-- Supplied information follows --

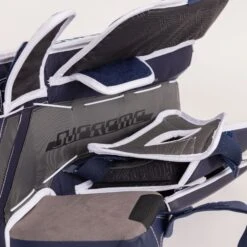 Bauer Supreme M5 Pro Senior Goalie Leg Pads -Bauer bauer leg pads bauer supreme m5 pro senior goalie leg pads 29034581164098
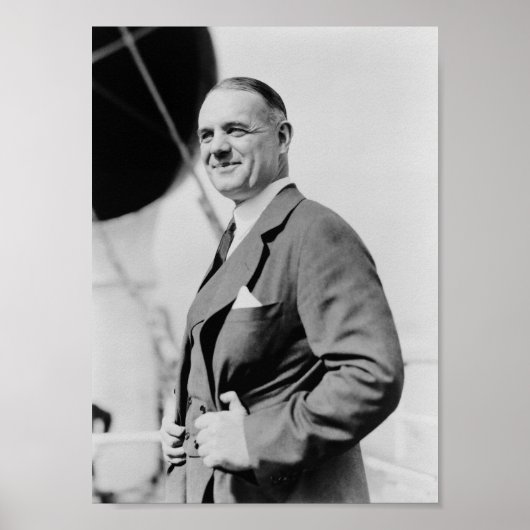 Poster Wild Bill Donovan - Père du renseignement central (Devant)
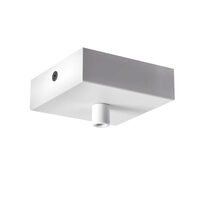 Accesoriu tavan legături electrice 2 m+șir cleme 2P+N autoblocare XRope RPU50PK SWH Arelux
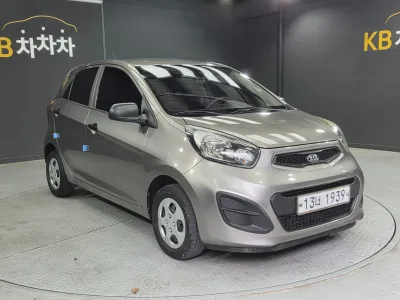 2013 Kia Picanto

-- Supplied information concluded --

Activity:
Everything in the listing above must be restated word for word, except the images.

Answer to this exercise:
 Bauer Supreme M5 Pro Senior Goalie Leg Pads -Bauer bauer leg pads bauer supreme m5 pro senior goalie leg pads 29034581164098
 Poster Wild Bill Donovan - Père du renseignement central (Devant)
 Accesoriu tavan legături electrice 2 m+șir cleme 2P+N autoblocare XRope RPU50PK SWH Arelux
 2013 Kia Picanto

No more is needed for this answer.